Here's the whole idea in one breath: a chemical change makes genuinely new substances, ones that weren't there before — a physical change doesn't. Melt an ice cube and you've still got water. Burn a candle and you do not still have candle: you've made new gases that float off and never come back.
Two Kinds of Change
Snap a chocolate bar in half — still chocolate, just two pieces. Let it melt in your hand — still chocolate, just runny. You cut, crush, dissolve or melt something and at the end you've got the same stuff in a new shape or state. That's a physical change: nothing new is made, and you can usually get back to where you started.
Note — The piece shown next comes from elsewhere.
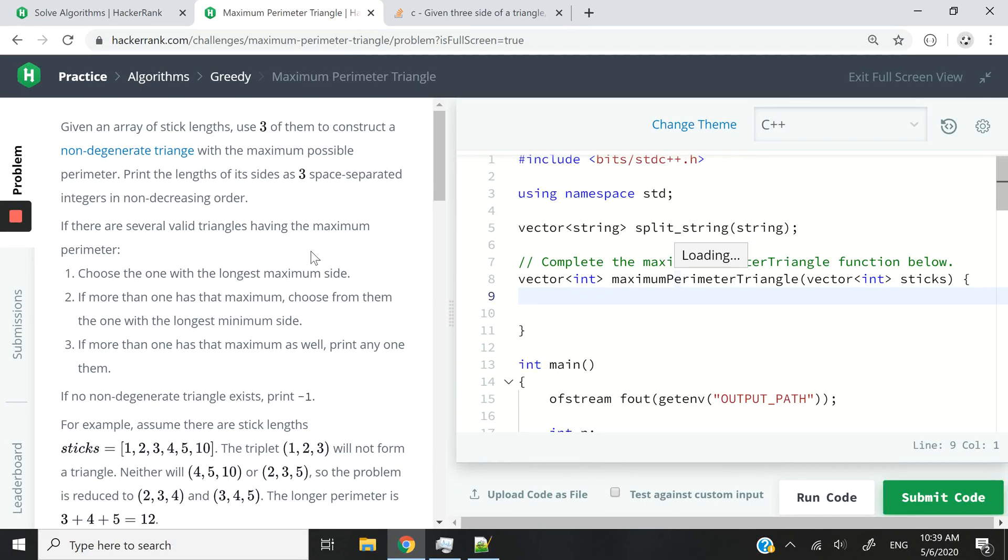Hi guys. Today I'm working on the maximum perimeter triangle challenge. It's a HackerRank challenge under the greedy algorithm sections. So it's going to be kind of straightforward.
Now light the candle on the cake. The wax doesn't just melt — the bit at the flame is burning, combining with oxygen and turning into hot new gases and a wisp of soot. That wax is gone for good. That's a chemical change: the starting substances are used up and new substances take their place. We name the two sides — the things you start with are the reactants, the new things you finish with are the products. Reactants → products.
The Tell-tale Signs
You can't see atoms regrouping, so how do you know new stuff has formed? Chemical changes leave fingerprints. Spot one or more of these and you should suspect a chemical change is happening: a colour change that isn't just mixing paints (shiny iron going to orange rust); bubbles or gas given off when nothing was boiling (fizzing tablets, bread rising); heat or light given out, or sometimes taken in (a flame, a hand-warmer, a firework); a new solid appearing out of two clear liquids — chemists call that a precipitate; and it's usually hard to reverse (you can't un-burn the toast).
None of these alone is proof — boiling water bubbles but makes no new substance — but stack two or three together and you can be confident. In the toy, when you tag an event as chemical, the signs it shows light up so you can see exactly which fingerprints gave it away.